= Grim Reaper paradox =

Paradox involving infinity

The Grim Reaper paradox is a philosophical argument involving an infinite sequence of Grim Reapers, each tasked with killing a person if no reaper has already killed them. The paradox raises questions about the possibility of continuous time and the infinite past (temporal finitism).

It is inspired by J. A. Benardete's paradoxes from the 1964 book Infinity: An Essay in Metaphysics. Various formulations of paradoxes involving beginningless sets, whose members perform a function only if no previous member performs it, are all labelled "Benardete Paradoxes". These are examples of supertasks.

==Paradox==
The paradox supposes there is an infinite sequence of Reapers, each assigned a time to kill a particular person. Each Reaper will only kill this person if no earlier Reaper has already killed them.

It is 12pm, and the first Reaper is set to kill the person at 1pm. The second Reaper is set to kill them at 12:30pm, the third at 12:15pm, and so on.

As a consequence of these propositions, the person will certainly be killed by a Reaper before 1pm; however, no individual Reaper can kill them, as there is always an earlier Reaper who would do so first. Therefore, it is impossible for the person to survive but also impossible that any Reaper kills them.

==Resolutions and implications==
===Discrete time===
One solution to the paradox is supposing that time must be discrete rather than continuous. If so, an infinite number of Reapers cannot all have a separate time in which they will kill you, as there are only finitely many "moments" in each period of time. A possible issue with this solution is that the Reaper paradox can take different forms that do not rely upon continuous time. One such example appears in Benardete's book, in which a god throws up a wall if a man travels 1/2 mile, another god throws up a wall after 1/4 mile, another at 1/8 mile, ad infinitum.

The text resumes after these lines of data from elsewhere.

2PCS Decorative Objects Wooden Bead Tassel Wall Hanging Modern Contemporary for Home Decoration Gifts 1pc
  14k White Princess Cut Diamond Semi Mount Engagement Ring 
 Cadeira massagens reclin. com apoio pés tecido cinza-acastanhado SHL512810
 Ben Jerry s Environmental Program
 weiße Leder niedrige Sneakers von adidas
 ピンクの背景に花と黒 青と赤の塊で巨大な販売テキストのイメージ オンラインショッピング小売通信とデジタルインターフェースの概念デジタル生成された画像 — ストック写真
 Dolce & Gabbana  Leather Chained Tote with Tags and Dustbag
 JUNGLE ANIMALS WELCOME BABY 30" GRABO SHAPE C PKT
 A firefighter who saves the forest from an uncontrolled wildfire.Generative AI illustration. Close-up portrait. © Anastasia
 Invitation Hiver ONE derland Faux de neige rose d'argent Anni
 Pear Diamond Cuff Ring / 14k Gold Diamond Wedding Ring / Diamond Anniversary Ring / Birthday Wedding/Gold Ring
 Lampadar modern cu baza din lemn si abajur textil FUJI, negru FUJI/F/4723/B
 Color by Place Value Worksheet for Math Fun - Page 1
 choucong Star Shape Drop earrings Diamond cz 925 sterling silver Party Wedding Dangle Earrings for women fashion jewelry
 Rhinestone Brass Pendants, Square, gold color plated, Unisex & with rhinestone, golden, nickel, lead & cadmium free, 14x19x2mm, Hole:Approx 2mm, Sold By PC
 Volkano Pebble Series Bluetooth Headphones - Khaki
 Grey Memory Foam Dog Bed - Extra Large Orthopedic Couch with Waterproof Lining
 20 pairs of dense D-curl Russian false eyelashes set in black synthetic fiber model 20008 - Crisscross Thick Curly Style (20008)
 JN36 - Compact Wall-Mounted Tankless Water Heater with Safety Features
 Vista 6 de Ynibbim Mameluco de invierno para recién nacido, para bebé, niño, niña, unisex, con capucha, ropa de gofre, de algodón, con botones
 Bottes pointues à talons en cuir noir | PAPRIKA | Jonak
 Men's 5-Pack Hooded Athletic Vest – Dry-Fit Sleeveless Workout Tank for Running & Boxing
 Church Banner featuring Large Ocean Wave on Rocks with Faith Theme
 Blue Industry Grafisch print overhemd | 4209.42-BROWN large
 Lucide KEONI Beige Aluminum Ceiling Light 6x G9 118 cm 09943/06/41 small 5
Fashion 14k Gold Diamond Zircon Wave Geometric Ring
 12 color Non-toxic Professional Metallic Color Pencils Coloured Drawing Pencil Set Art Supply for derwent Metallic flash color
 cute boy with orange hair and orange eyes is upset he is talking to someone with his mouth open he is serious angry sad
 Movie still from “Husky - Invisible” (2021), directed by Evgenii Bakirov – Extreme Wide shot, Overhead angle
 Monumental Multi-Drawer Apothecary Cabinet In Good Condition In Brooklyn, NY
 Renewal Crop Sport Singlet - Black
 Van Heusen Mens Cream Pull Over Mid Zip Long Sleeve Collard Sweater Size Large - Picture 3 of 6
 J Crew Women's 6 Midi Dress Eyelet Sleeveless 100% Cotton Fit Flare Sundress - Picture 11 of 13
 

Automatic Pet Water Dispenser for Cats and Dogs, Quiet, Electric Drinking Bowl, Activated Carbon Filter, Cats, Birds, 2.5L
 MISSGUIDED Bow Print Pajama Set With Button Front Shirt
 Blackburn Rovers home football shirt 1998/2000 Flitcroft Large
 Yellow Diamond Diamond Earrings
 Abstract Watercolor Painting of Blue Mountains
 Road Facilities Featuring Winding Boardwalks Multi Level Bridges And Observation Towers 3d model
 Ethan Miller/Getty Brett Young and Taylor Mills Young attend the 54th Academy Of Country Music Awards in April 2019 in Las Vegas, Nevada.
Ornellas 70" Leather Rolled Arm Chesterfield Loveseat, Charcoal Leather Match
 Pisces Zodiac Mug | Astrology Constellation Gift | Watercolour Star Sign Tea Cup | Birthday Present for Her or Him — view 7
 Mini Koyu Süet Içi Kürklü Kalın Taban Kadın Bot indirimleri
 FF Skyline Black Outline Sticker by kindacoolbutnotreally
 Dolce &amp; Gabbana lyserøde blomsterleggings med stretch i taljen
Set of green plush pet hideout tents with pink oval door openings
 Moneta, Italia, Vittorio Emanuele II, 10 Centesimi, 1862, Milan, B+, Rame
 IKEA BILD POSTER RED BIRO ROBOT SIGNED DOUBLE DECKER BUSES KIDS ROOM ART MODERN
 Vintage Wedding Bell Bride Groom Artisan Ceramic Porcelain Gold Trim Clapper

Discrete time would do nothing to prevent this paradox.

===Causal finitism===
Another solution is the idea of causal finitism, which asserts that there cannot be an infinite regress of causes. In other words, every causal chain must have a starting point. Thus, there cannot be an infinite number of Reapers whose actions depend on all previous Reapers. All Benardete paradoxes share this feature of an infinite causal chain, and so are all impossible.

Causal finitism does not force the discreteness of time and space. Moreover, it is consistent with an infinite past, as long as it does not imply a backward-infinite causal chain. Schmid and Malpass think that there are heavy metaphysical commitments, but others disagree.

===Unsatisfiable Pair Diagnosis===
A third potential solution to the Grim Reaper paradox has been suggested, known as the Unsatisfiable Pair Diagnosis (UPD). The UPD asserts that Benardete paradoxes (including the Grim Reaper paradox) are simply logically impossible, and no metaphysical thesis needs to be adopted. In The Form of the Benardete Dichotomy, Nickolas Shackel observes that all Benardete paradoxes involve two conditions:
1. The linearly ordered set S has no first member.
2. For all x in S, E at x iff E nowhere before x.
Shackel shows these statements to be formally inconsistent—they logically cannot both be true. The paradox assumes that some set of items could satisfy both statements, but no set can. However, the UPD does not help much with probabilistic or rationality paradoxes, whereas causal finitism has an advantage here. Another drawback of the UPD is that it permits time travel in all cases except when a person is capable of killing their own grandfather, but in other cases, it is perfectly fine. Finally, the UPD is compatible with causal finitism insofar as it is a feature rather than a bug.

===No-Actual-Infinities principle===
A fourth proposed solution is a more general No-Actual-Infinities (NAI) principle, inspired by Aristotle, which dissolves all paradoxes involving an actually infinite number of things (including the many Benardete paradoxes, Thomson, Ross–Littlewood, and Banach–Tarski paradoxes, among others), while remaining relatively simple and elegant. NAI is consistent with all reasonable theories of time as well as with infinities of mathematics, propositions, and universals, since these entities do not have actual existence. Physicists generally avoid attributing infinite quantities to physical systems, which is in line with the NAI principle.

==Relevance to theism==
According to Alexander Pruss, the Grim Reaper paradox provides grounds for thinking that the past is finite, i.e., that there must be a first period of time. This would support the Kalam cosmological argument, backing up the premise that the universe began to exist.

In 2018, Pruss provided a more thorough cosmological argument using causal finitism to motivate a "necessary uncaused cause". The argument is as follows:
1. Nothing has an infinite causal history.
2. There are no causal loops.
3. Something has a cause.
4. Therefore, there is an uncaused cause.
Pruss then adds the following causal principle: 5. Every contingent item has a cause. From this, the conclusion can be drawn that there is an uncaused cause that exists necessarily. Pruss states that it is still a major task to argue from a necessary first cause to theism.

Whilst the Kalam argument opposes sequences that go infinitely backwards in time, this argument denies all causally backwards-infinite sequences.